Auch die Faltrollos, die in Werkbeispielen von Olaf Wegewitz, Wolfgang Smy und Andreas Küchler die Ausstellung beschließen, bleiben der malerisch-expressiven Bildgestaltung verbunden. Trotzdem sie, vielleicht mehr als jede abstrakte Askese, Form als Politik bedeuteten, als sie Mitte der 80er Jahre bei der Coswiger Intermedia halböffentliche Furore machten (die taz berichtete über das Trash-Ereignis aus Punk, Kunst und Undergroundfilm am 24.6.85). Die Rollos runterzulassen hieß nicht unbedingt dicht zu machen. Allerdings, das billige, kommunikative, weil leicht transportable Medium entfaltete doch „nur“ jungwilde, heftige Malerei.

Dieses Festhalten an der Malerei im Osten zeigt eine beharrliche Treue zur künstlerischen Moderne in ihrer bürgerlich-liberalen Form. Ihr ist das Konzept vom großen Autoren/Künstler inhärent, dem die Tatbestände künstlerische und/ oder politische Opposition und Widerstand notwendige Bedingungen sind. Gerade auch aus diesem Grund ist dieses Konzept aber schon lange fragwürdig.
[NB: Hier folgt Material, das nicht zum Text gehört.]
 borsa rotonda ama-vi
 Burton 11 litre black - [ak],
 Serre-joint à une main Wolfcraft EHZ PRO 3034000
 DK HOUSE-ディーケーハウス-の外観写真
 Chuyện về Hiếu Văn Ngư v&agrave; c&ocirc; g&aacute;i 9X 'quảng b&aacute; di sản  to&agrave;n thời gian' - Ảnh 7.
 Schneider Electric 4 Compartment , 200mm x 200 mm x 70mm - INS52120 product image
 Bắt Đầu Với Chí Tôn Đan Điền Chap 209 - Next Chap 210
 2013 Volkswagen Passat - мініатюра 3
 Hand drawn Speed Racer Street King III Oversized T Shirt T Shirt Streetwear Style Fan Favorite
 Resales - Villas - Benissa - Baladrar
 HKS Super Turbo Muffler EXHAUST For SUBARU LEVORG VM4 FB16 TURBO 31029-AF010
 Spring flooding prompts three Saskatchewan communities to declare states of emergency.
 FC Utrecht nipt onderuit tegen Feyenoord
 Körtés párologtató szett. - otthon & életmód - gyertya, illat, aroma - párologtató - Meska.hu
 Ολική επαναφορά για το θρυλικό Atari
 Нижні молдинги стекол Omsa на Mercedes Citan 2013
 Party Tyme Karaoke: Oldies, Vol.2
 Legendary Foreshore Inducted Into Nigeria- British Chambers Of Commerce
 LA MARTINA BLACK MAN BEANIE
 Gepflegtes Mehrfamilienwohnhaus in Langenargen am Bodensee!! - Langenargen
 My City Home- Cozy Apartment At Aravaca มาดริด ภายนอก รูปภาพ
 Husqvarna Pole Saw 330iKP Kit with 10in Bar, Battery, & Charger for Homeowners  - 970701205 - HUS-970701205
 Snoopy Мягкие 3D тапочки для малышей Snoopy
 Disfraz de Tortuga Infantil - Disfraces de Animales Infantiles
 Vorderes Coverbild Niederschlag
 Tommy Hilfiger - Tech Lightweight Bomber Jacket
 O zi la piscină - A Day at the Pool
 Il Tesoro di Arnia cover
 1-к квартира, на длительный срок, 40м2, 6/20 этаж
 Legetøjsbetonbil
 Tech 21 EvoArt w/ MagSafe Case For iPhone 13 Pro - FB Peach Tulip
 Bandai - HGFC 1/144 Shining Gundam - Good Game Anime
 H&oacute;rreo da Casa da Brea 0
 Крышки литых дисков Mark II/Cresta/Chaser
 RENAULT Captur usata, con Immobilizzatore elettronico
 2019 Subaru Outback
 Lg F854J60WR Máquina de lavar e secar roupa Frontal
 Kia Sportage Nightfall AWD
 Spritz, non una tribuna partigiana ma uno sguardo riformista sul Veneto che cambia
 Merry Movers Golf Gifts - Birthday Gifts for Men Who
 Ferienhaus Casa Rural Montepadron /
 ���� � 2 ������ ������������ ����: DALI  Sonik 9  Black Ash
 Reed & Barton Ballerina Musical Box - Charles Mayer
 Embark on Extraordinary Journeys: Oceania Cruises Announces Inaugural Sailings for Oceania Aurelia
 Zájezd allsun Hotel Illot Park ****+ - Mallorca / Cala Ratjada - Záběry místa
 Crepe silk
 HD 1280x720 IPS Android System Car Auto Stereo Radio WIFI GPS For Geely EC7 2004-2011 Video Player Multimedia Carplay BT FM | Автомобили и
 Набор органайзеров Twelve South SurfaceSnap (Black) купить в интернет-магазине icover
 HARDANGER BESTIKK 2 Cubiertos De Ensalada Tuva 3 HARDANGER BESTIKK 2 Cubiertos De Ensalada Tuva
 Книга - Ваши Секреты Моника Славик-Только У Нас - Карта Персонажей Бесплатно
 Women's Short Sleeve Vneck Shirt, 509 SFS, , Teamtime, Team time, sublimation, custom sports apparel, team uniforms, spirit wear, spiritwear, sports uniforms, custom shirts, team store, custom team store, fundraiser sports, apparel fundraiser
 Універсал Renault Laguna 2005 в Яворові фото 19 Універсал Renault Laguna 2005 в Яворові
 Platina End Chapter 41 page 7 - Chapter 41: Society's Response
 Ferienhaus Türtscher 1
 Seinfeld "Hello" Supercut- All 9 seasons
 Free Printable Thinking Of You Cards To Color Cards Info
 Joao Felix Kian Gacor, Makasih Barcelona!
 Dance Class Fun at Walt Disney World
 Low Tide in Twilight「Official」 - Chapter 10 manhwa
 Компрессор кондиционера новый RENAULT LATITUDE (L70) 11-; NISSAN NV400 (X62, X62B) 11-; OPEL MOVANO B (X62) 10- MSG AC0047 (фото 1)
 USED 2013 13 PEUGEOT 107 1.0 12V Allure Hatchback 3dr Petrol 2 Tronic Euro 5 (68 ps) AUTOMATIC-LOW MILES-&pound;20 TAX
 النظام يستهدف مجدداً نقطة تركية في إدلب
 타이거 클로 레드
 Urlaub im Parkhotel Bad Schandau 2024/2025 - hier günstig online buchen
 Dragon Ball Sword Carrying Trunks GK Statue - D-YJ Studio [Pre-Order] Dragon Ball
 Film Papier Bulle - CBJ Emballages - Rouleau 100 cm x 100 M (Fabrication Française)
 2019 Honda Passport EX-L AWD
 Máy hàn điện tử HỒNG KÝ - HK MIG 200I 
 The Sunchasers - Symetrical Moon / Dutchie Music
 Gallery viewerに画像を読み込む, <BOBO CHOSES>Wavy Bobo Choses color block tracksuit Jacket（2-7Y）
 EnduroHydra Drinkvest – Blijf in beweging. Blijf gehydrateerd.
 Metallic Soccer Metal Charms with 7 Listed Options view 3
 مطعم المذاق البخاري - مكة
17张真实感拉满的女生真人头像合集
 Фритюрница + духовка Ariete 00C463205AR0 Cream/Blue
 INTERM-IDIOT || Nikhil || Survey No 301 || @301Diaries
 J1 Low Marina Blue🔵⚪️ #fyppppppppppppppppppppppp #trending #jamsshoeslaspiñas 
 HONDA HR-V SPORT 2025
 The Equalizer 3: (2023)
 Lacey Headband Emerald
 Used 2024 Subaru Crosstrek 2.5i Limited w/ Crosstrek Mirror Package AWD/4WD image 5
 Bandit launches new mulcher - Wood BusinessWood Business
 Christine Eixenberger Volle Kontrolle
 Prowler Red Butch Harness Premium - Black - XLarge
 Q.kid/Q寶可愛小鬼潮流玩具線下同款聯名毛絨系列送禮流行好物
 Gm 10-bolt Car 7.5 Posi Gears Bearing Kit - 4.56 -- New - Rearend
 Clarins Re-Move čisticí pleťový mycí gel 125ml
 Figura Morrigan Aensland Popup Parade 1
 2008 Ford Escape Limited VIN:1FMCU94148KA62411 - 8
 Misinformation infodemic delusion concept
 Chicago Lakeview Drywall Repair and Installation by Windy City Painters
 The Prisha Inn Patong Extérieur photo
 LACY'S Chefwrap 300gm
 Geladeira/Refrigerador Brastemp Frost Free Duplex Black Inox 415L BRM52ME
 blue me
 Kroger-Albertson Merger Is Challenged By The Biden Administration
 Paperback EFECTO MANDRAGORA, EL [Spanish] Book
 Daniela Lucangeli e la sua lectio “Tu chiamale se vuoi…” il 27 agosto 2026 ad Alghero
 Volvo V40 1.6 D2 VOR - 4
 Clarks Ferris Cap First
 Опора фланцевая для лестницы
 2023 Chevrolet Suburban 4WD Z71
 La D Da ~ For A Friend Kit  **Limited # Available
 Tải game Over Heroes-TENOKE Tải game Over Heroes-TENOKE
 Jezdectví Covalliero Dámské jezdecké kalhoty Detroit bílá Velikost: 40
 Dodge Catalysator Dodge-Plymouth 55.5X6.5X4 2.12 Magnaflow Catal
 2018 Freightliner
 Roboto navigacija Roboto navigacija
Im Bereich dieser Moderne ist die (innovative) Subversion nicht mehr zu bekommen, dazu ist sie zu gut abgesichert. Insofern läuft der Vorwurf, den Michael Freitag den Cottbuser Kuratoren in der Neuen Bildenden Kunst macht, nachträglich widerständige Sammlungen hervorzumogeln, tendenziell ins Leere. Engagiert und eigensinnig hinsichtlich der Gegebenheiten wurde der Kunstraum DDR von Cottbus aus zweifellos beobachtet, sonst fänden sich dort nicht die gezeigten, qualitätvollen Exponate. Daß die von Freitag bespöttelte „Abstraktion der Einheimischen“ weniger ein gefährliches als ein konservatives Phänomen ist, ein (dennoch durchaus sehenswertes) Arbeiten in der Tradition, scheint auch in Cottbus niemand bestreiten zu wollen.